*Task statement*: Take the line containing "Chaps Girls White" and every line after it to the end of the records, and copy them exactly, excluding pictures.

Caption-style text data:
----

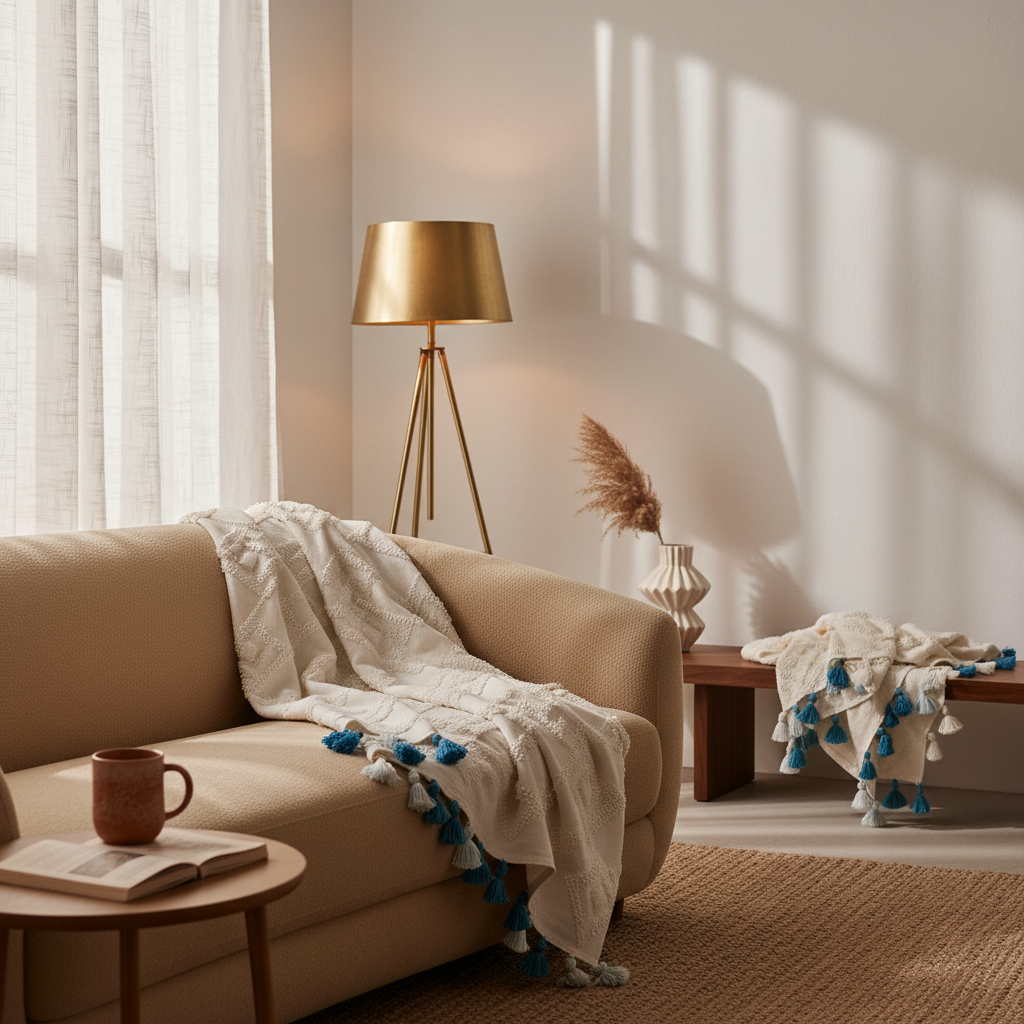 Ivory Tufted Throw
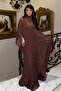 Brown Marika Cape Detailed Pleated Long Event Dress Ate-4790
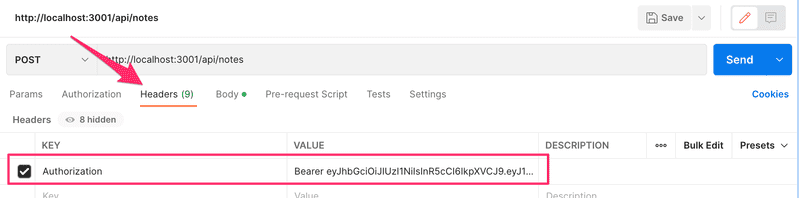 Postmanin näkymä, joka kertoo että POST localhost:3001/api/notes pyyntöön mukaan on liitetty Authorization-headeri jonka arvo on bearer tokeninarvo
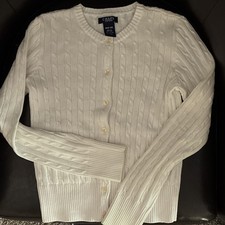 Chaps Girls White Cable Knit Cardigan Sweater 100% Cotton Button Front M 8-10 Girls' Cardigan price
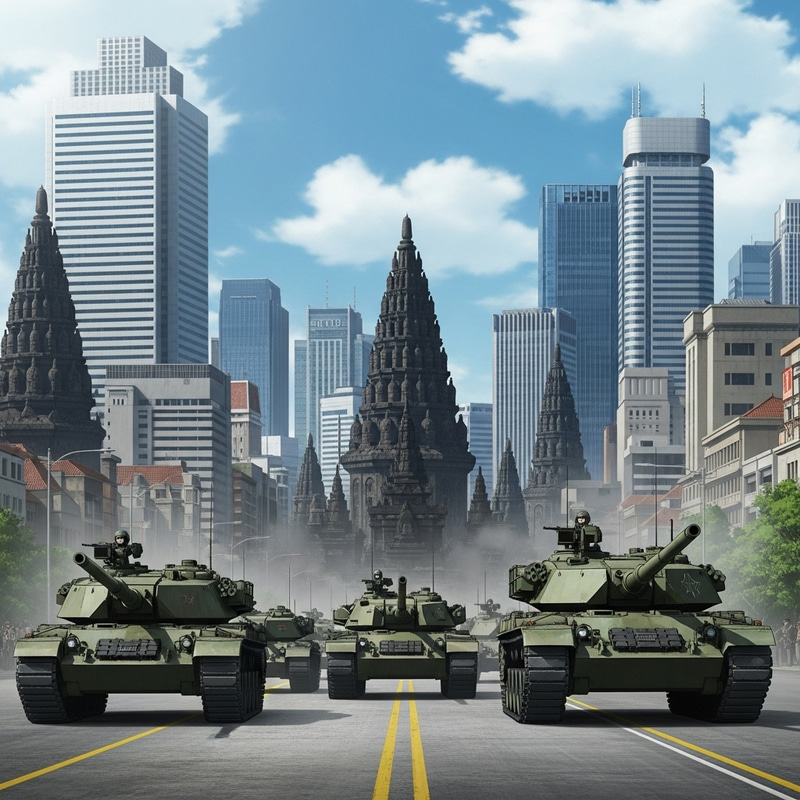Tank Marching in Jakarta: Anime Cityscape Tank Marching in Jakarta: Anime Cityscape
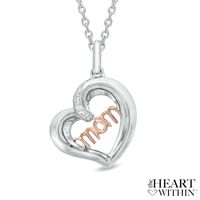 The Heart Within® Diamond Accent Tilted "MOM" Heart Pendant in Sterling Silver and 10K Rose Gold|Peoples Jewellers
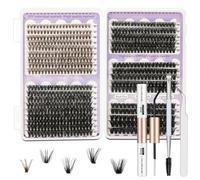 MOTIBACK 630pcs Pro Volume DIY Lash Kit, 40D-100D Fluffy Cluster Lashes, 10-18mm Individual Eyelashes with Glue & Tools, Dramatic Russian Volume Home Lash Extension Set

----

*Your response*:
 Chaps Girls White Cable Knit Cardigan Sweater 100% Cotton Button Front M 8-10 Girls' Cardigan price
Tank Marching in Jakarta: Anime Cityscape Tank Marching in Jakarta: Anime Cityscape
 The Heart Within® Diamond Accent Tilted "MOM" Heart Pendant in Sterling Silver and 10K Rose Gold|Peoples Jewellers
 MOTIBACK 630pcs Pro Volume DIY Lash Kit, 40D-100D Fluffy Cluster Lashes, 10-18mm Individual Eyelashes with Glue & Tools, Dramatic Russian Volume Home Lash Extension Set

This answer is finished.